This New Year I'm keeping my feet firmly planted on solid (Sonoma County) ground for the time being, organizing my home and mind and writing space in order to prepare for what promises to be a wild and unprecedented ride ahead for all of us no matter where we are in the world.
Politics, human rights, science, space, climate. How best to keep afloat in what may be the most turbulent period of our collective lifetime? It may not be the perfect place in many aspects, but Sonoma County, in my opinion, is certainly one of the best places on earth to call home, to nourish ourselves and share community with as the world as we know it shakes, rattles, rumbles, roars and rolls into something new and unimagined.
So far this year, as forewarned by astrologists, meteorologists and global political forecasters, it appears we're immediately off to the races by January 6th with freezing, arctic storms and perilous floods in the east and midwest and in the region of England where I was raised. The media has launched its annual diatribe blasting New Year reports of targeted violence in New Orleans and Vegas. Conflicts continue to rage.
And already, several international government leaders have or are preparing to depart the chaotic world stage, including our country's current President.
Saturn is losing its rings of all things. At least to human visibility and by Spring of this year.
It was eerily calm in the joint session of Congress today as American Democracy kept to its word with Trump's election victory certification. Kamala Harris performed her ceremonial duty as President of the Senate with a solid dignity which I found encouraging in its promise of the crucial work to come in counter balance of the days, weeks, months and years ahead on the volatile U.S. political front.

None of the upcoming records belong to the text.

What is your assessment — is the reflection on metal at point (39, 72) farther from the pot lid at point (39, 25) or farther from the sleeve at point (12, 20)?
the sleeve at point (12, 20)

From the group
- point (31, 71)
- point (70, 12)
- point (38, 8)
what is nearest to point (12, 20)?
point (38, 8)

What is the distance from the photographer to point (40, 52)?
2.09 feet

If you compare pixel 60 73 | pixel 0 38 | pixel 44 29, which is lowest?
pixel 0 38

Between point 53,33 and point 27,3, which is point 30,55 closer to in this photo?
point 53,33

Many more people than ever are turning away from the news, turning inward, focused on their own immediate circumstances, family, friends and neighbors. It's understable in a time when we simply don't know what to believe. And for good reason. Social media channels are corrupt with fake identities, false images and messaging, propaganda we're fed from who knows where. Email and phone calls from bad actors to the point where we delete all but the most trusted missives in our daily in-box.
I'm taking more time to read the Sunday newspaper in depth. It may not be unbiased either, but it's certainly better for my blood pressure than absorbing the hysterical tone of the national network news. Are we to become an entirely ignorant nation of docile and unquestioning creatures? I hope not. But how are we to stay informed? Connect? It's going to be interesting to see what happens in the near future with our shaky forms of communication. Our storytelling. A simple phone call to and from an elderly friend or family member when traditional landlines become obsolete.

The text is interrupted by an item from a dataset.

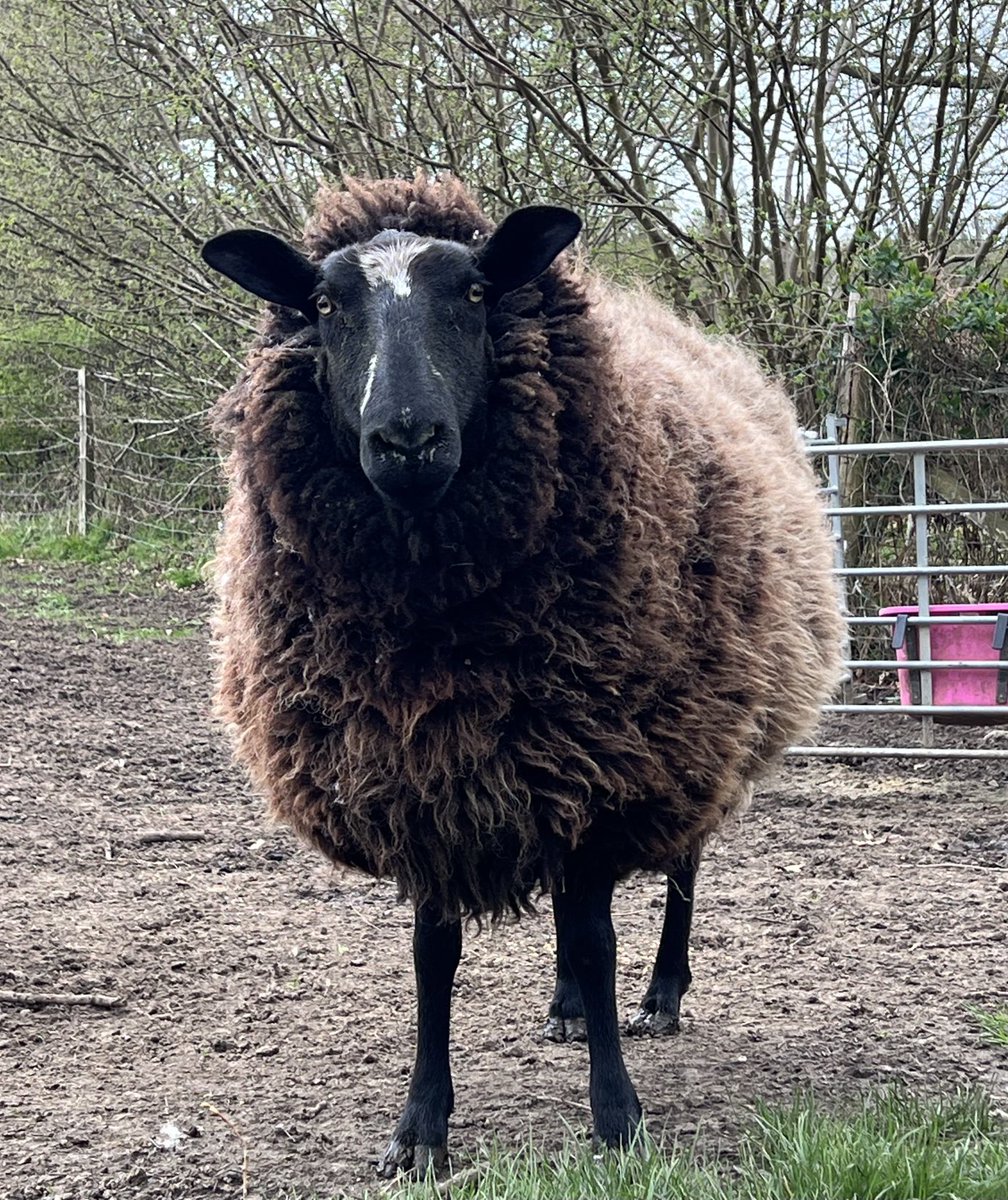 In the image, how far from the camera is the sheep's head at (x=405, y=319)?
296 centimetres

Writing has never felt more compelling to me as it does in the here and now. Books, feature articles, plays, television, screen writing, poetry, journals, storytelling in all its forms carries us into new frontiers with a record of the past.
And there are a myriad wonderous things to write and read about. Random acts of kindness, of love and bravery, of visionary prowess, invention and discovery. Sunrise, sunset, the powerful pull of the Pacific, fresh produce, trees and plants, wildlife and why we can't get enough of it all despite the struggle.
Each December I sit down and make time to pen several handwritten letters to old friends in faraway places to fold in with a Christmas card. I take this stack of old fashioned envelopes to the post office and pay for the international stamps and send them off around the world, knowing that sometime between ten to fifteen days, my words will sit open on various kitchen tables, besides various mugs of steaming hot tea, or glasses of wine and be read, transmitting my recap of how I've interpreted the world this past year into the mind of those who generally return the favor, enlightening me with their own experiences of wonder, love, loss and imagination for the future, from their particular vantage point.
Maybe we will return to the days of pen and ink, of print, yet? That's the romantic in me. But also the pragmatic. Write it down, share it, whatever it is you'd like the world to know, or someone in the world to know, at least. Let's restart a reading and writing intention for 2025. Don't get lost in the wake of the sleeper waves which threaten to sneak up on us on a daily basis it seems. Read more. Stay afloat.
It is a wonderful world aside from the scary stuff that makes us afraid to turn on the TV. And we humans are resilient after all. I'm looking forward to an eventful 2025 recap at the end of this new year. What will we make of it all? Something good, I hope. An end to current conflicts.
Wishing you comfort and wisdom, stories, knowledge and warmth and most of all, a year with love as its main focus.